» Records drawn from a dataset:
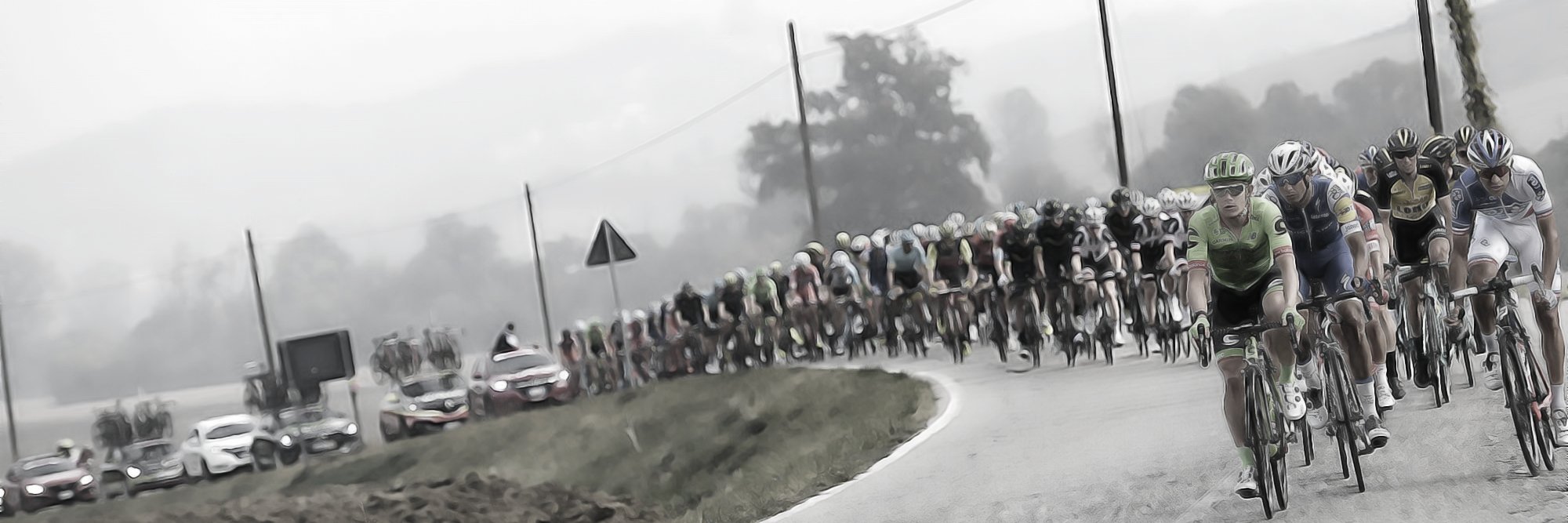 CyclingPub banner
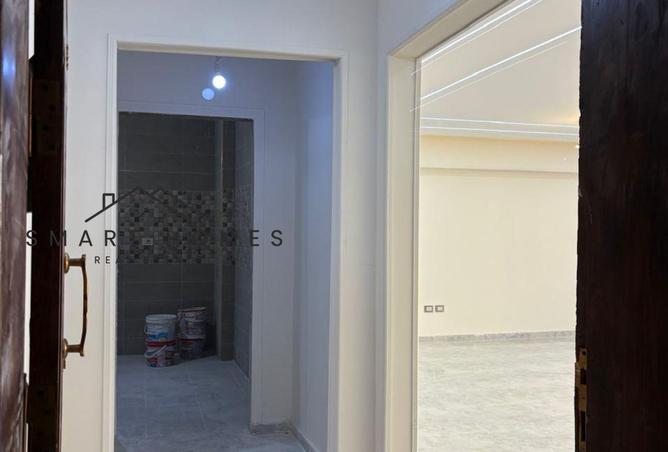 99394284 - Property Image 2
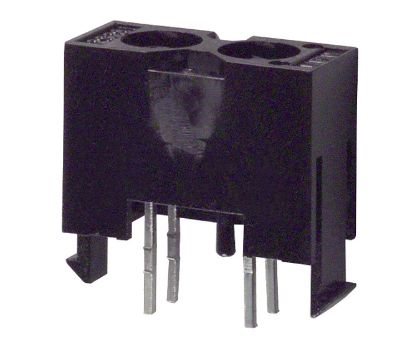 Picture of REFLECTIVE PHOTOINTERRUPTER 14mm 35V 20mA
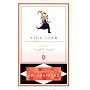 King Lear (The Pelican Shakespeare)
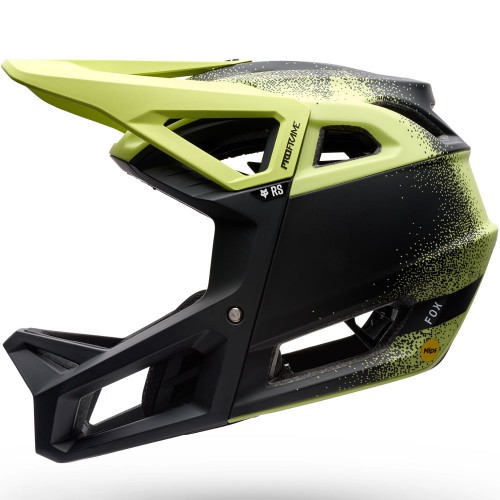 PROFRAME RS AURA, CE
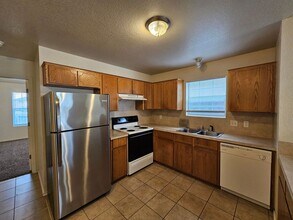 4005 Nadine Dr in Killeen, TX - Building Photo - Building Photo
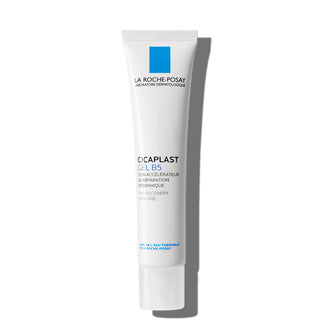 LA ROCHE POSAY CICAPLAST B5 GEL 40 ML
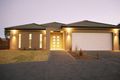 Property photo of 10 Vera Court Mudgee NSW 2850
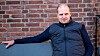 I stedet for å starte på Østlandet for deretter å kapre resten av landet, så har vi tenkt motsatt og etablerer oss i Oslo til sist, forteller Lars Ivar Simonsen i Iteam.
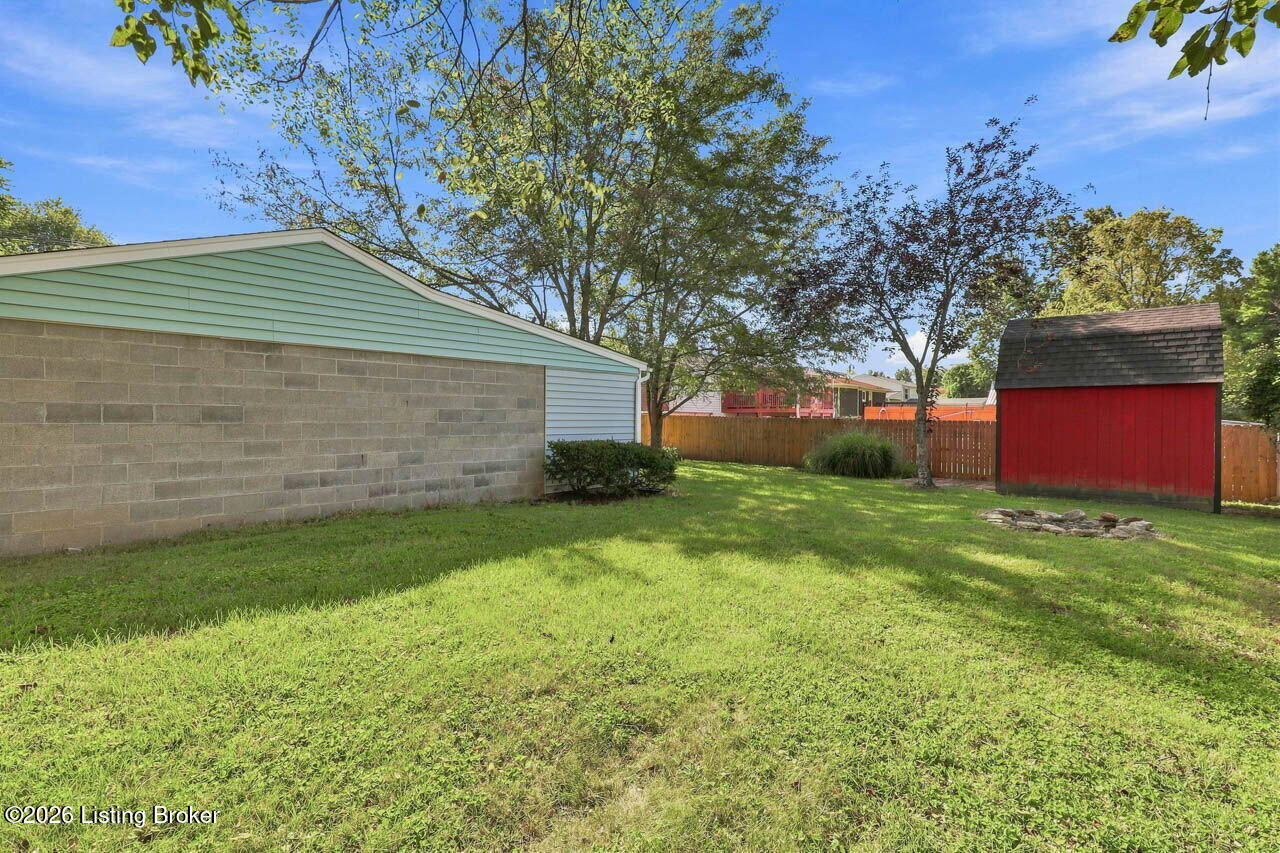 8206 Vaughn Mill Rd Property Photo 50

» Task objective: All lines from the one containing "4005 Nadine Dr" through the end of the entries above must be given again exactly, with every picture omitted.

» Result below:
 4005 Nadine Dr in Killeen, TX - Building Photo - Building Photo
 LA ROCHE POSAY CICAPLAST B5 GEL 40 ML
 Property photo of 10 Vera Court Mudgee NSW 2850
 I stedet for å starte på Østlandet for deretter å kapre resten av landet, så har vi tenkt motsatt og etablerer oss i Oslo til sist, forteller Lars Ivar Simonsen i Iteam.
 8206 Vaughn Mill Rd Property Photo 50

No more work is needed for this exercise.